Here at Lambeth Palace we should remind ourselves of the significant position of the Church of England in our nation’s life. The concept of our established Church is occasionally misunderstood and, I believe, commonly under-appreciated. Its role is not to defend Anglicanism to the exclusion of other religions. Instead, the Church has a duty to protect the free practice of all faiths in this country.

It certainly provides an identity and spiritual dimension for its own many adherents. But also, gently and assuredly, the Church of England has created an environment for other faith communities and indeed people of no faith to live freely. Woven into the fabric of this country, the Church has helped to build a better society – more and more in active co-operation for the common good with those of other faiths.

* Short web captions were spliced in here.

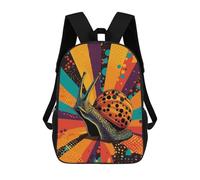 sinyumoney 3D Printed Children Backpacks Snail Pop Art Rainbow Snail Funky Garden Creature Rucksacks Backpacks Fashion Casual Daypack Cute Travel Bags Outdoor Casual Daypack for Boy And Girl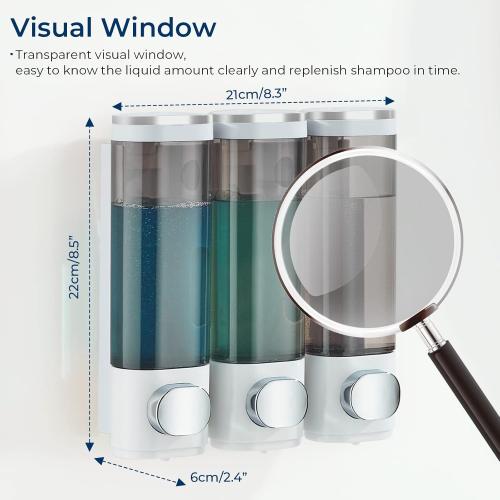 Shampoo and Conditioner Dispenser, Pollock Shower Soap Dispenser 3 Chamber No Drill, Wall Mounted Shampoo Body Wash Conditioner for Bathroom Large Capacity,White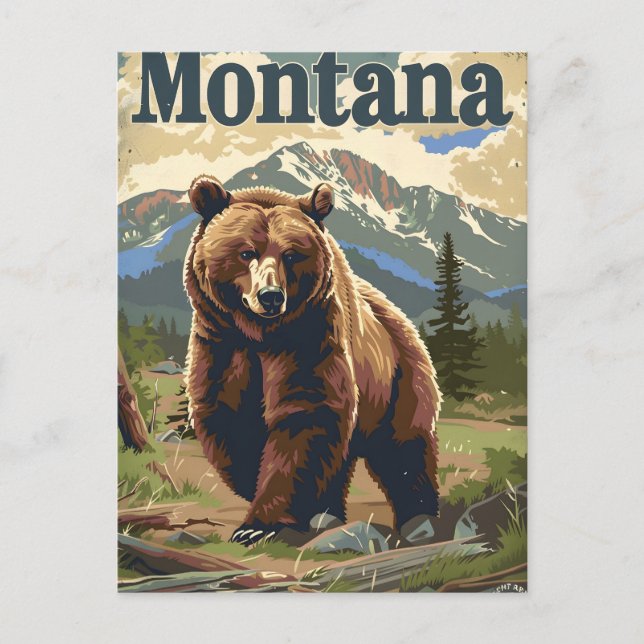 Carte Postale Montana Grizzly Vintage (Devant)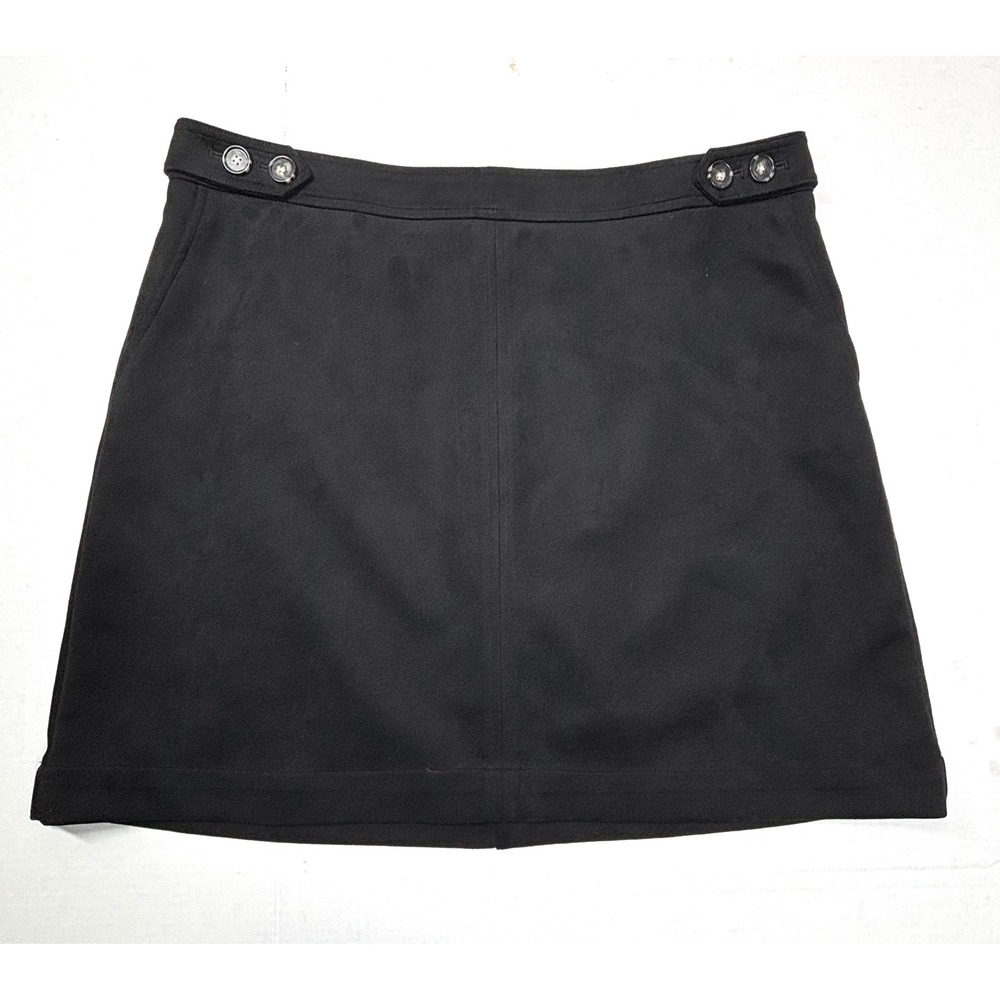 LOFT Outlet Black Mini Skirt Buttons Women 14 Retro 60s Goth Whimsigoth Academia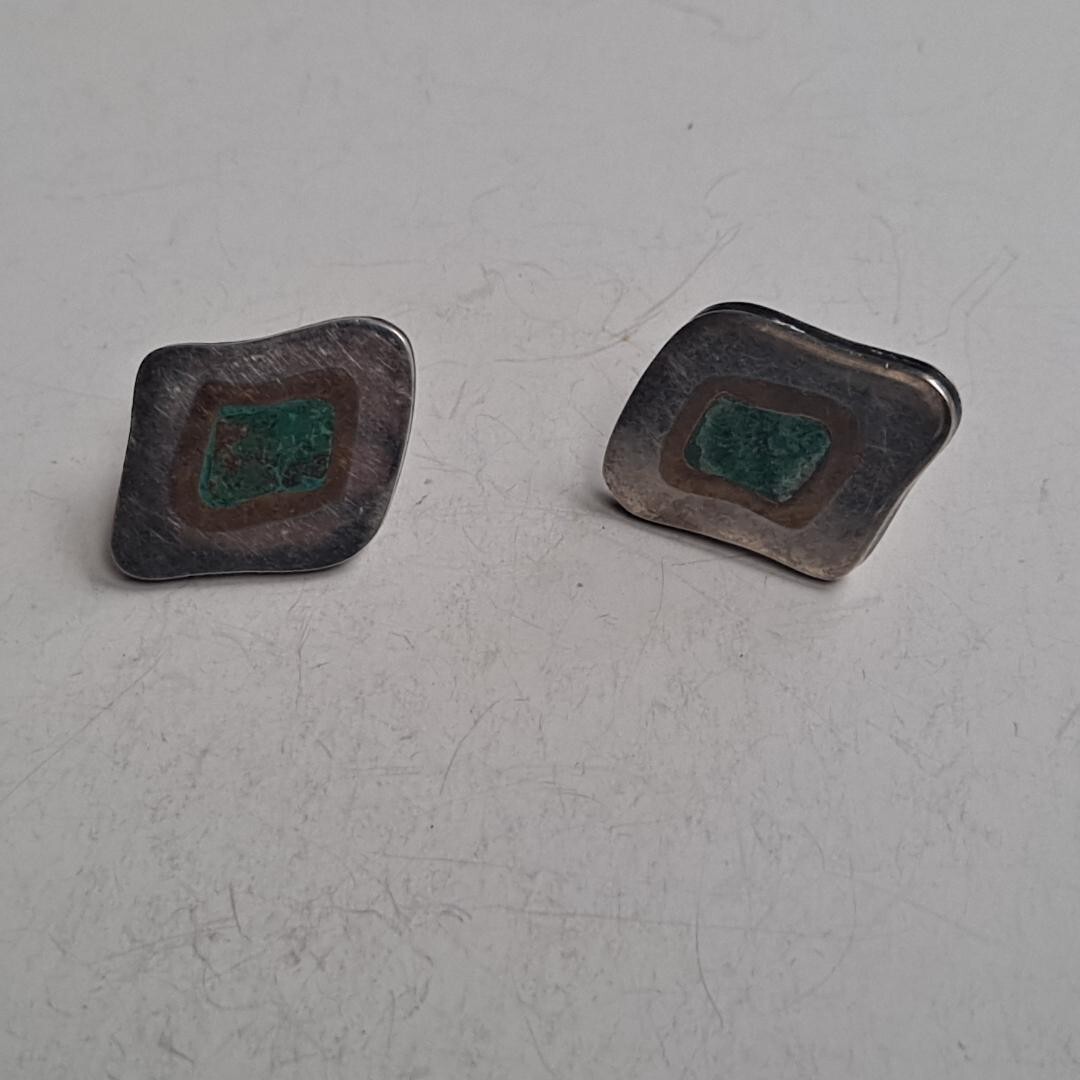 Vintage MCM Signed Mexican S.S. LOS CASTILLO Jewelry Ear Rings Taxco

That’s what Southwark Cathedral was doing by hosting iftar: creating an environment for peace and compassion; weaving understanding and fostering reconciliation. This is not some postmodern multi-faith mush of ever-inclusive spiritual pap: it goes to the very foundation of the Church of England.

It is sometimes averred that the statutory requirement for the Monarch to be Protestant and in communion with the Church of England discriminates against her subjects of other faiths. Richard Hooker was himself faced with the assertion that the Monarch had no right to exercise authority in matters to do with the Church (Article XXXVII). Yet while he agreed that the Monarch does not have authority in spiritual matters, he or she has rightful authority in matters to do with the ‘outward government’ of the Church; that is to say, how it functions as a human institution.

For Hooker, church and society were one. The King was acutely involved in leading men to salvation: “A gross error it is, to think that regal power ought to serve for the good of the body, and not of the soul,” Hooker wrote, “for men’s temporal peace, and not for their eternal safety.” If the state were concerned solely with the material, it would cease to be concerned with people’s welfare in respect of a right relationship with God. Hooker’s articulation of the prerogative of the Crown over its subjects’ religious welfare is the same as that which underlies the role of the Monarch in relation to the Church of England today.

The Established Church has a missionary vocation to serve all of its parishioners – of all faiths and none. It does not seek to exclude or to be out of sympathy with any group of people, for it has an acute pastoral concern for the wellbeing of all. The fact that the church’s Supreme Governor is also the Head of State means that she is obliged to exercise her public ‘outward government’ in a manner which accords with the private welfare of her subjects – of whatever creed, ethnicity, sexuality or political philosophy. The Royal Supremacy in regard to the Church of England is, in its essence, the right of the Crown in the supervision of its administration in order that the religious welfare of its subjects may be provided for. While theologians and politicians may argue over the manner of this “religious welfare” or the precise meaning of what Hooker meant by the “true fulfilment” of a “right relationship with God”, the focus on such issues (or some Christians choosing to focus on such issues) serves to alienate and distance the Church of England from many of its parishioners, and this manifestly hinders its mission in the complex context of pluralism, liberalism and secularism.

The Church of England is a territorial church-in-community: that is its model of mission. It works with the state to define its worship; and through dioceses, parishes and chaplaincies to effect its pastoral care and compassionate service. Establishment commits the church to full involvement in civil society, and to making a contribution to the public discussion of issues that have moral or spiritual implications. It also has a pastoral obligation to wipe away tears and heal broken hearts; to inculcate wholeness in relationships and in community, for the integrity of the natural environment and for our harmony with it. If hosting iftar helps with that, then blessed are the peacemakers.